Spec

Services

Backing containers — Postgres, Redis, mock APIs — that boot alongside the sandbox on a private Docker network.

A service is a backing container that runs alongside your sandbox on a shared Docker network. Your agent reaches each by its declared name over DNS — postgres://db:5432, redis://cache:6379, http://stripe-mock:12111.

You declare services in your spec; Keystone pulls the image, starts the container with --network keystone-<sandbox-id> --network-alias <name>, optionally waits for a health check, and tears everything down on sandbox destroy.

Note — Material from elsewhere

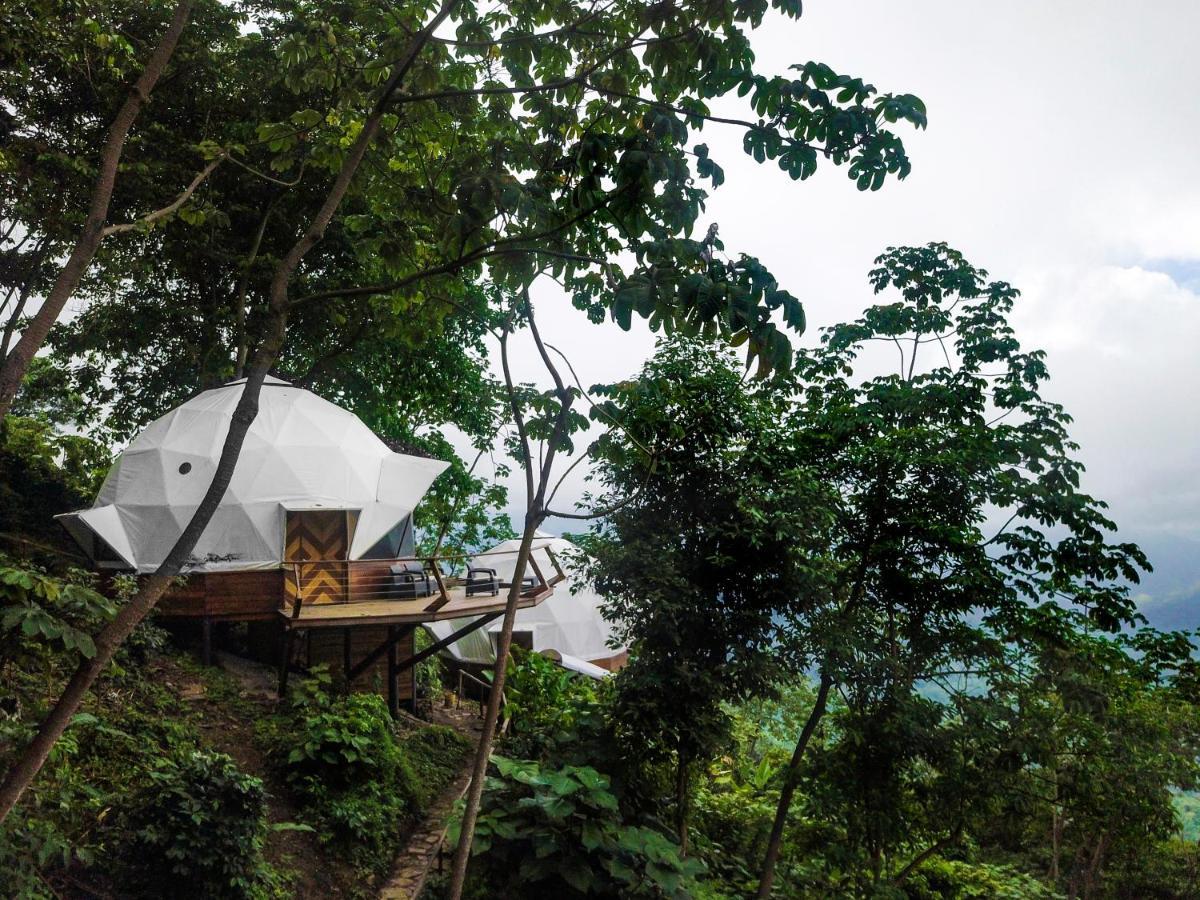 فندق Trekker Glamping مينسا المظهر الخارجي الصورة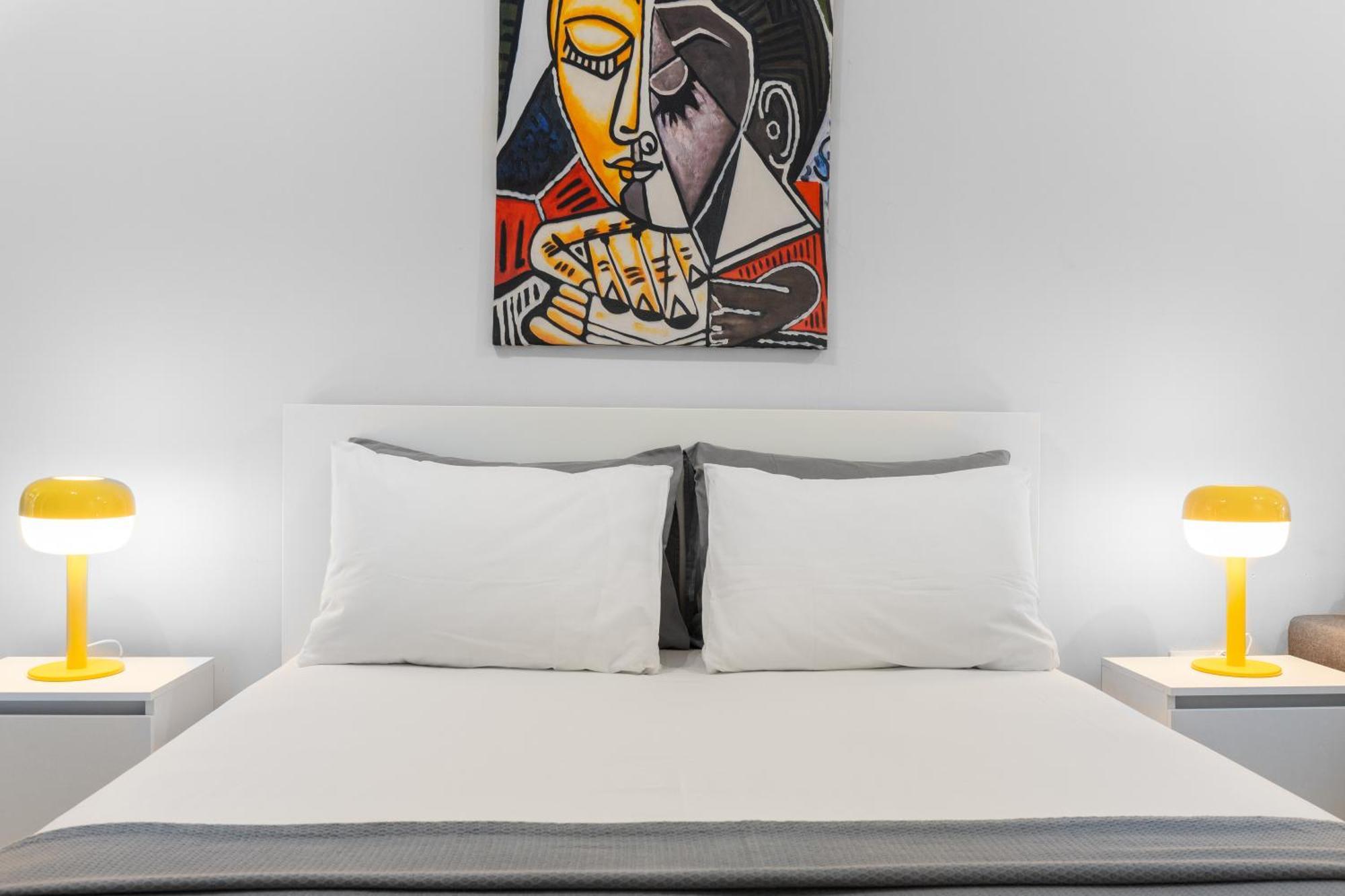Modern Apartment 305 Ксанті Екстер'єр фото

Anatomy of a service block

services:
  - name: db                                  # DNS alias on the shared network
    image: postgres:16                         # any Docker image
    env:
      POSTGRES_PASSWORD: "{{ secrets.DB_PASS }}"
      POSTGRES_DB: northwind
    ports: [5432]                              # internal only — NOT host-published
    wait_for: "pg_isready -U postgres"         # gates "ready" status
 
  - name: cache
    image: redis:7
    ports: [6379]
 
  - name: stripe-mock
    type: http_mock                            # built-in HTTP responder, no image needed
    record: true
    routes:
      - method: POST
        path: /v1/charge
        response: '{"id": "ch_test", "status": "succeeded"}'
        status: 200

Every service field maps to a ServiceSpec Go struct on the server:

FieldTypeRequiredMeaning
namestringyesDNS alias (must be unique within a sandbox)
imagestringyes (unless type: http_mock)Any Docker image — Hub, GHCR, ECR, GAR, private registry
typestringnoEmpty (default — runs image) or http_mock (built-in mock)
envmapnoContainer env. Supports {{ secrets.NAME }} interpolation
portslist of intsnoContainer ports exposed on the network (internal only)
wait_forstringnoShell command run inside the container; success gates readiness
recordboolno(http_mock only) record every request for assertions
default_responseintno(http_mock only) status code for unmatched routes
routeslistno(http_mock only) per-method/path responders

Networking

Private Docker network per sandbox

Every sandbox gets a dedicated Docker network named keystone-<sandbox-id>. The agent container and every service container join that network, with name as their DNS alias:

┌─────────────── keystone-sb-abc123 ────────────────┐
│                                                    │
│  agent ─────► db          (postgres://db:5432)    │
│         ─────► cache       (redis://cache:6379)   │
│         ─────► stripe-mock (http://stripe-mock:12111)
│                                                    │
└────────────────────────────────────────────────────┘

This means:

  • No port conflicts across parallel sandboxes — each runs its own db:5432.
  • Service containers are not reachable from the host.
  • Connection strings are stable: postgres://db:5432/northwind works in every run.

Outbound traffic

Service containers respect the sandbox's network.egress policy. By default egress.default: deny blocks all outbound; the agent's calls to services succeed because that's intra-network.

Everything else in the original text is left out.